The first and most important ingredient you’ll need to make kombucha is a SCOBY. A SCOBY is a Symbiotic Culture of Bacteria and Yeast and looks pretty disgusting - but I’m telling you, that’s where all the good stuff happens. What’s great about a SCOBY is that it will double in size every time you brew a fresh batch of kombucha, so if you already know someone who brews kombucha, you can ask them for the kombucha ‘baby’ the next time they make a batch. Make sure you also grab some of the kombucha that the SCOBY has been sitting in. This will not only ensure your SCOBY doesn’t dry out during transportation, but you can use this as starter liquid for your first brew.

Err, OK. Where can I find one?

I managed to find my SCOBY through an online list of random, lovely people willing to give away their SCOBY baby - and rocked up to someone’s house one Sunday with a container in my hands! Traditionally, SCOBYs are meant to be given away (it’s all about the good vibes), but if you’re really struggling then it is possible to buy a starter kit online. It’s normally a dehydrated SCOBY and will come back to life with the first brew.

How long should the kombucha brew during the initial fermentation?

As a general rule, I’ll check my kombucha for flavour after about 10 days in summer, and after about three weeks in winter. Make sure your brew is out of direct sunlight during this process.

What happens during the first fermentation?

The longer it sits, the stronger (and healthier) the brew gets, moving from a sweet tea flavour to an apple cider vinegar taste. How strong you like it is up to you - and this will probably change the more you drink it. I personally like a very vinegary-type brew, but my flatmates find that far too overpowering.

I thought kombucha was healthy - why do I add 1.5 cups of sugar?

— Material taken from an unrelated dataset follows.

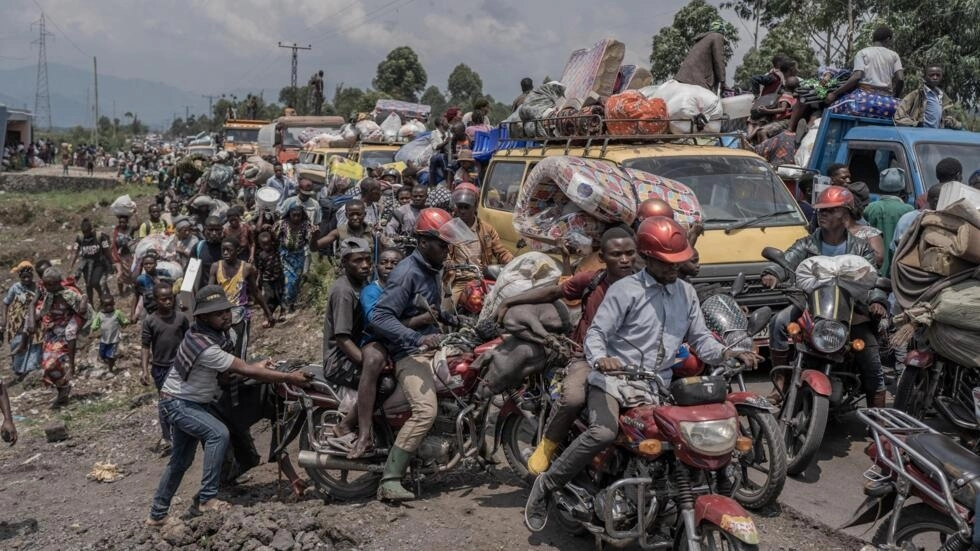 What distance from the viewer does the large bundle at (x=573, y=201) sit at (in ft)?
21.5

Don't stress. The sugar is essential as it feeds the SCOBY during the primary fermentation, and if you leave it to sit long enough your brew will no longer taste sweet. However, having some sugar left in the brew during the secondary fermentation means you’re more likely to get a nice, fizzy kombucha as the end result. So, it’s a fine line deciding when to pull the plug - and that’s something you’ll get better at with time.

How do I know if my kombucha if the fermentation process has started?

You’ll know your brew is fermenting properly if you start to see a thin translucent layer forming on the top of the kombucha brew after 2-4 days. This is the SCOBY having a baby, and the layer will thicken the longer you let it sit and ferment. Once it’s thick enough to handle and transport, you can share the love and give your baby SCOBY to a friend to start their own brew. Alternatively, you can just leave it in your brew and use it for your next batch. But don’t worry, if you do give it away, you can still use your original SCOBY mother for the next batch too. There’s really no limit on how many times a SCOBY can be used, but as good practice I generally rotate mine every few brews.